In this case, the decision to pursue conservative management was influenced by several patient-specific factors. Although hepatobiliary scintigraphy demonstrated an abnormal gallbladder ejection fraction consistent with biliary dyskinesia, the patient did not endorse classic biliary colic symptoms; instead, the patient presented with atypical left-sided chest and shoulder pain. The absence of right upper quadrant tenderness, nausea, vomiting, or postprandial exacerbation further reduced the likelihood that his symptoms were directly attributable to gallbladder dysfunction. Additionally, normal liver function tests and lack of inflammatory changes on imaging argued against acute cholecystitis or biliary obstruction, decreasing the urgency for surgical intervention. Given this atypical presentation, alongside the patient’s preference to defer surgery and seek a second opinion, conservative outpatient management with dietary modification, symptom monitoring, and coordinated follow-up was considered appropriate. This approach balanced the potential benefits of early surgical intervention against the patient’s autonomy, comorbidities, and uncertainty regarding the symptomatic relevance of his gallbladder findings [11-13].

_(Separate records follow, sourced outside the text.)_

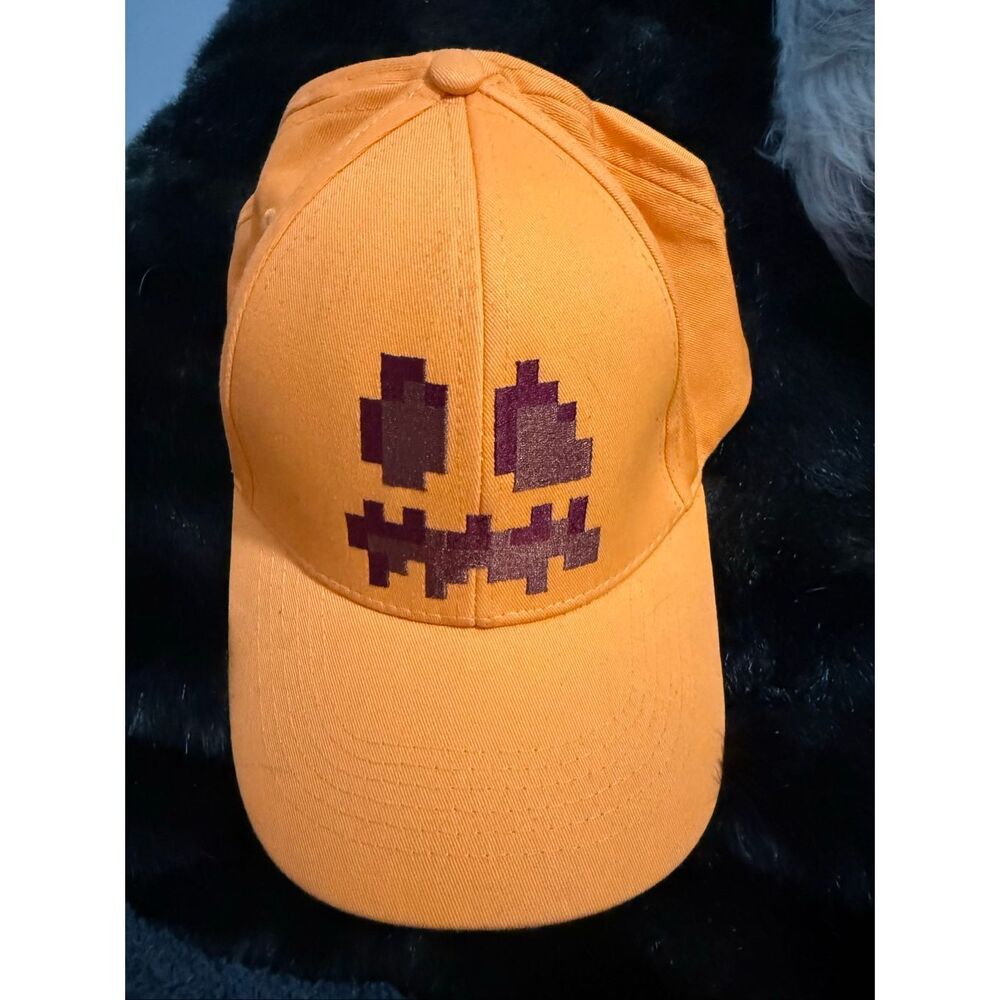 Majong 2018 Minecraft Orange Pixel Pumpkin Adjustable Strap Baseball Hat Cap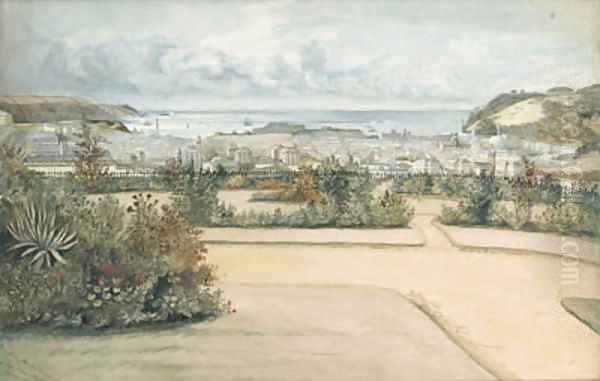 View from Penlae Villas, Stoke, Devon Oil Painting by Louisa Stone Smith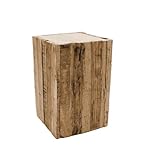 Spetebo Design Holz Hocker eckig - 30x20 cm - Blumenhocker Beistelltisch Holzklotz Hocker Blumenständer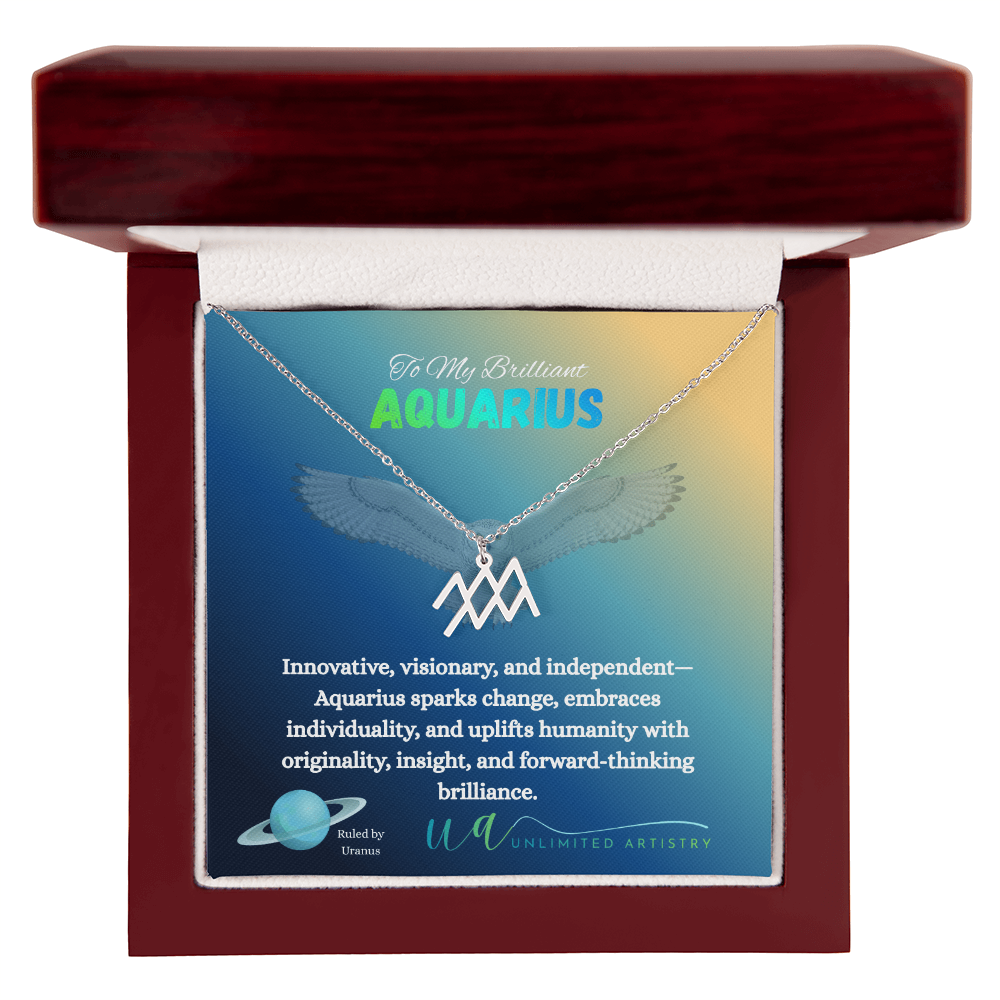 Aquarius Zodiac Pendant 2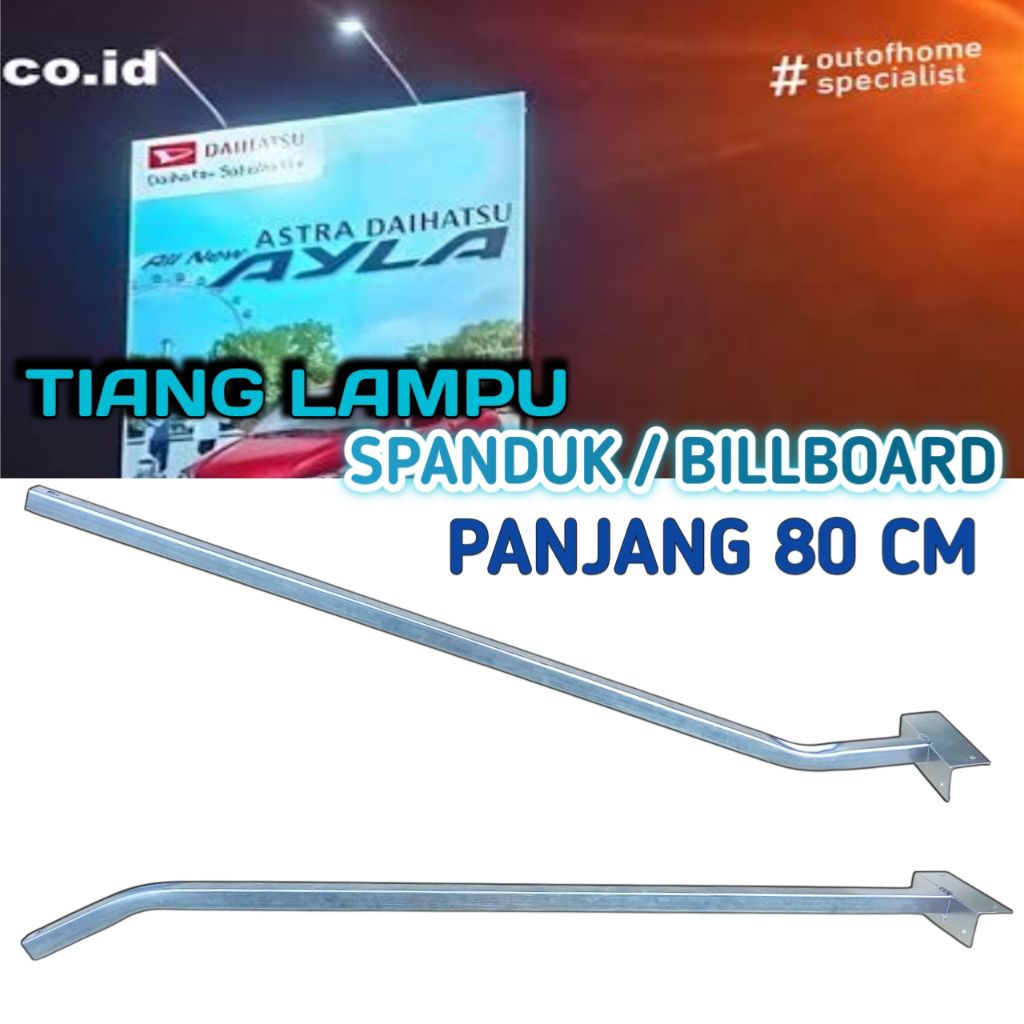 Tiang pengait lampu sorot spanduk billboard 80 cm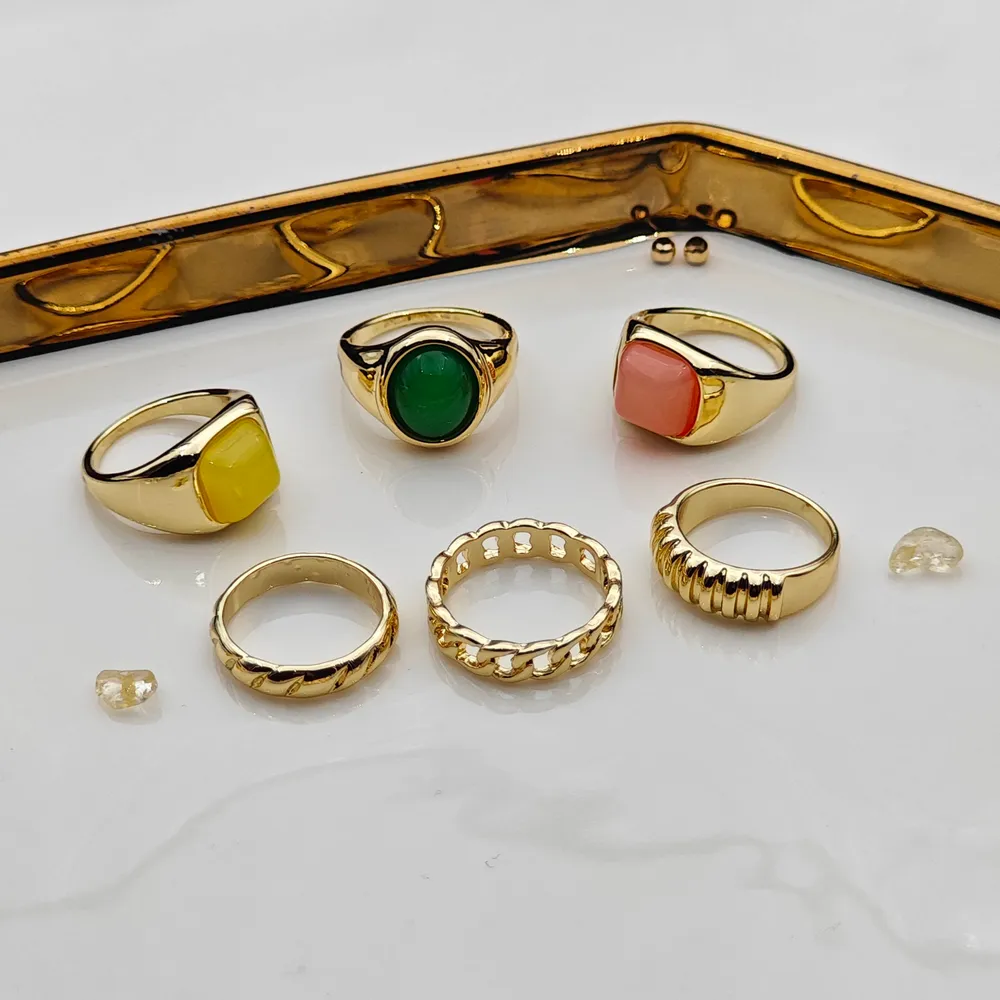 Stainless Steel 6’lı Yüzük Seti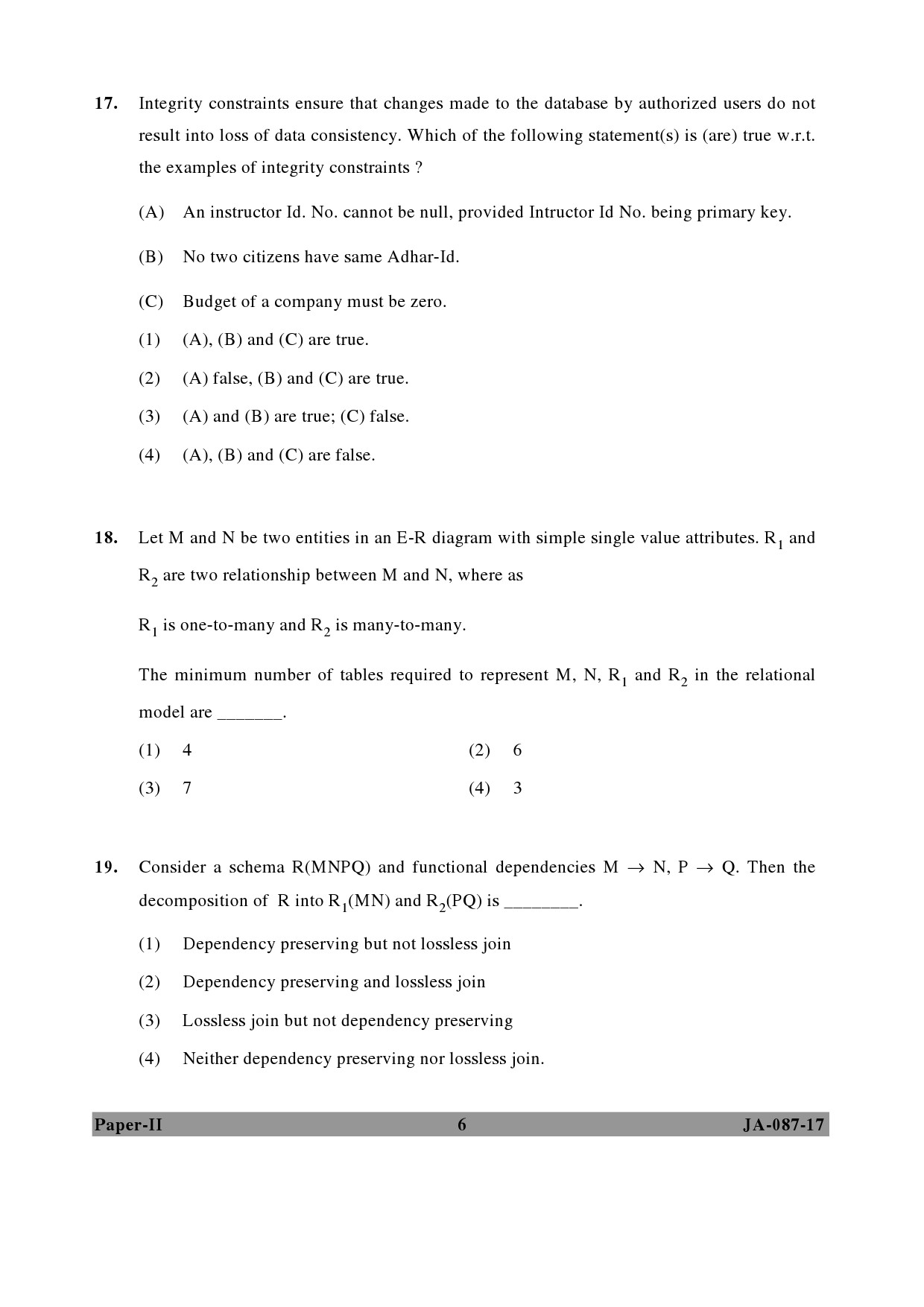 UGC NET Computer Science and Applications Question Paper II January 2017 6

Overall, this case emphasizes several key teaching points: biliary dyskinesia can present atypically and mimic cardiopulmonary or neurologic conditions; functional imaging is essential when standard labs and imaging are non-diagnostic; and management decisions should balance objective findings with patient preferences. Clinicians should maintain a high index of suspicion for functional gallbladder disorders in atypical presentations and tailor evaluation and management accordingly.
Conclusions
This case demonstrates the diagnostic challenges posed by atypical presentations of biliary dyskinesia, where classic symptoms, laboratory abnormalities, and initial imaging may be absent. Functional imaging, such as hepatobiliary scintigraphy, was pivotal in establishing the diagnosis in this patient, whose chest pain initially suggested a cardiac or neurologic etiology. Although surgical intervention was indicated, the patient’s decision to defer highlights the importance of shared decision-making and respecting patient autonomy. Notably, patients with borderline or even hyperkinetic ejection fractions have also been shown to benefit from surgery, underscoring that outcomes are not limited to those with severely reduced values. Clinicians should maintain a high index of suspicion for functional gallbladder disorders in atypical presentations and tailor evaluation and management to both objective findings and patient preferences, while considering non-invasive diagnostic alternatives when appropriate.